Top of Task inputs
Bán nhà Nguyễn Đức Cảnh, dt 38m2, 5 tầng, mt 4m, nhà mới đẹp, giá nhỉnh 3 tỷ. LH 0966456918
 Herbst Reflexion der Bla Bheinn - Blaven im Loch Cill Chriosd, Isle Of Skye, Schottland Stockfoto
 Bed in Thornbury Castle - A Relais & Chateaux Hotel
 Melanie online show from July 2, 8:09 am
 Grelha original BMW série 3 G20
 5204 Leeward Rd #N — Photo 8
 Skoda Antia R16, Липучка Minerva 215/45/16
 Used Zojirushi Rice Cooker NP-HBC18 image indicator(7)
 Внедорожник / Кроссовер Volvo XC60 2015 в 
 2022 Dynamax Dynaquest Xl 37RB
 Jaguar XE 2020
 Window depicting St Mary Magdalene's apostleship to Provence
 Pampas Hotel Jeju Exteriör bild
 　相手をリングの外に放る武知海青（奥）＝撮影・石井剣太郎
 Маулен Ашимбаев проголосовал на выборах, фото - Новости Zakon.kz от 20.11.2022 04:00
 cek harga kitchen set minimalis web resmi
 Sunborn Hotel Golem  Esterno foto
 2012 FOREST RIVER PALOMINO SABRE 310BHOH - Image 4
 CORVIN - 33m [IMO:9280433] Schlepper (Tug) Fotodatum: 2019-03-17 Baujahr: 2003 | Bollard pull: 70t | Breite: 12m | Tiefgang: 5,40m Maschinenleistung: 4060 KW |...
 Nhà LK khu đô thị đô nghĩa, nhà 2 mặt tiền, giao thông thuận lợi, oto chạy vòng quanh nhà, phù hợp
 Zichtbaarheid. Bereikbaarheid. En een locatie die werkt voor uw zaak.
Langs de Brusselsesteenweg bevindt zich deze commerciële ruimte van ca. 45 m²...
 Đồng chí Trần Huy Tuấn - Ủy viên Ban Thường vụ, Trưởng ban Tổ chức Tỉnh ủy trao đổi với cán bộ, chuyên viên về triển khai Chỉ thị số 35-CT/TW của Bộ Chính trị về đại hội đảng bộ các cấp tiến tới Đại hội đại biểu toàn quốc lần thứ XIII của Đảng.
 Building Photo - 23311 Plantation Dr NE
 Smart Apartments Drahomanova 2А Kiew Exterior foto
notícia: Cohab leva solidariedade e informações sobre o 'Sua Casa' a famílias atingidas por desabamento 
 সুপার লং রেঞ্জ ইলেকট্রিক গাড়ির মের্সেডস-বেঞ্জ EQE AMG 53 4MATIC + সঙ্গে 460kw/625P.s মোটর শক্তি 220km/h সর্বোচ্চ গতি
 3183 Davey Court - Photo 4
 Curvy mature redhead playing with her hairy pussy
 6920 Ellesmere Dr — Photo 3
Bottom of Task inputs
Among the lines above, find the one with "Внедорожник / Кроссовер Volvo XC60 2015 в" and the one with "相手をリングの外に放る武知海青（奥）＝撮影・石井剣太郎". Quote both and everything between them, exactly.

 Внедорожник / Кроссовер Volvo XC60 2015 в 
 2022 Dynamax Dynaquest Xl 37RB
 Jaguar XE 2020
 Window depicting St Mary Magdalene's apostleship to Provence
 Pampas Hotel Jeju Exteriör bild
 　相手をリングの外に放る武知海青（奥）＝撮影・石井剣太郎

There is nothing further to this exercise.